Restate every record word for word, without the pictures.

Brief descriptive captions
***

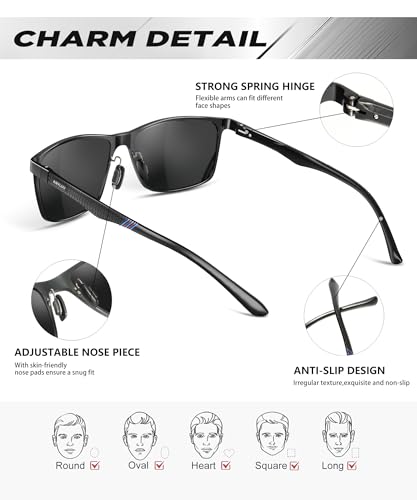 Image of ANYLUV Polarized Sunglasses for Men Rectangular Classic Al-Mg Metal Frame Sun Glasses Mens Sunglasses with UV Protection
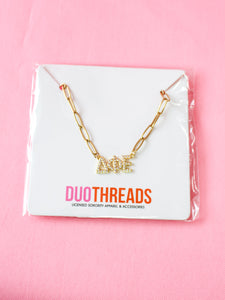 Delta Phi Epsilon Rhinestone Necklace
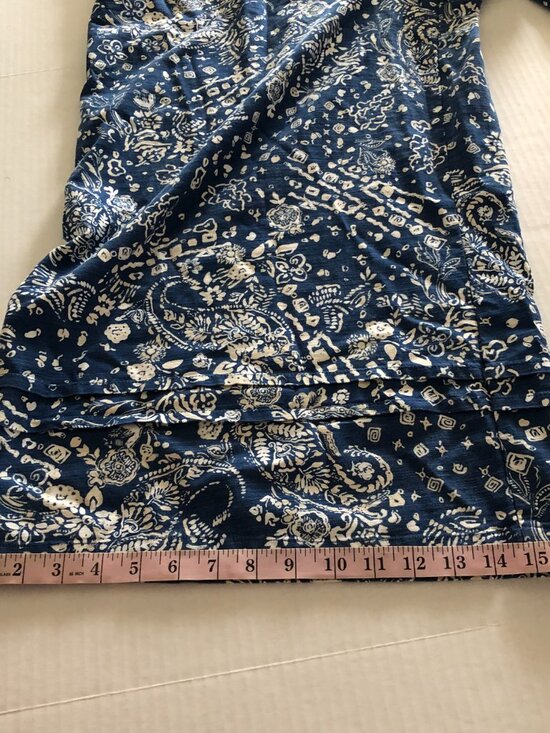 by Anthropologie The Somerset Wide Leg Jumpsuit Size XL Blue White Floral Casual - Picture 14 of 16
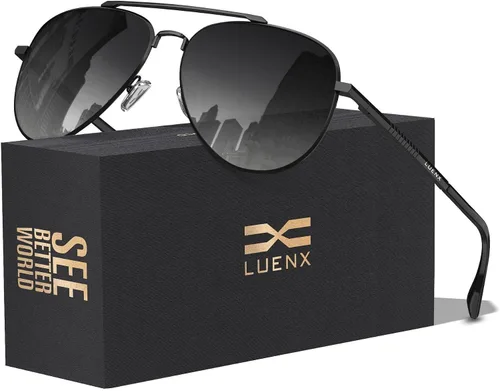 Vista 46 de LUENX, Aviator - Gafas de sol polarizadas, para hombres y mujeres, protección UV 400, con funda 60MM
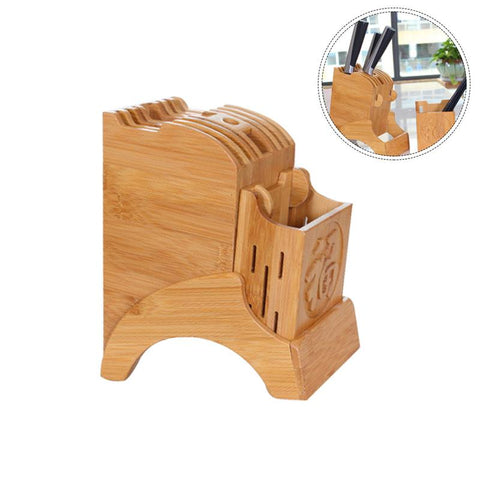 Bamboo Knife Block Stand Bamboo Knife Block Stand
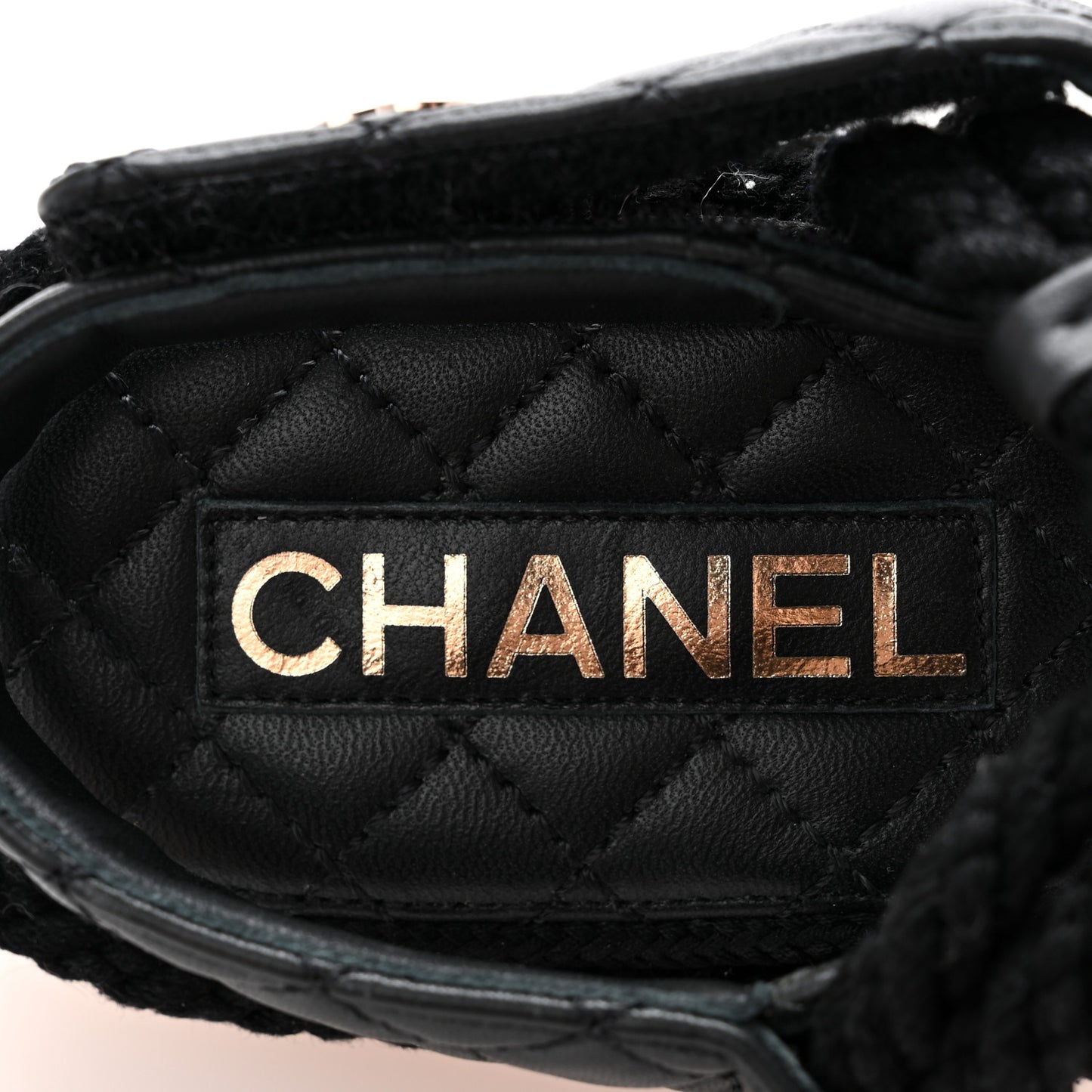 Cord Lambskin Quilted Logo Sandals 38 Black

***

**Task answer**
 Image of ANYLUV Polarized Sunglasses for Men Rectangular Classic Al-Mg Metal Frame Sun Glasses Mens Sunglasses with UV Protection
 Delta Phi Epsilon Rhinestone Necklace
 by Anthropologie The Somerset Wide Leg Jumpsuit Size XL Blue White Floral Casual - Picture 14 of 16
 Vista 46 de LUENX, Aviator - Gafas de sol polarizadas, para hombres y mujeres, protección UV 400, con funda 60MM
 Bamboo Knife Block Stand Bamboo Knife Block Stand
 Cord Lambskin Quilted Logo Sandals 38 Black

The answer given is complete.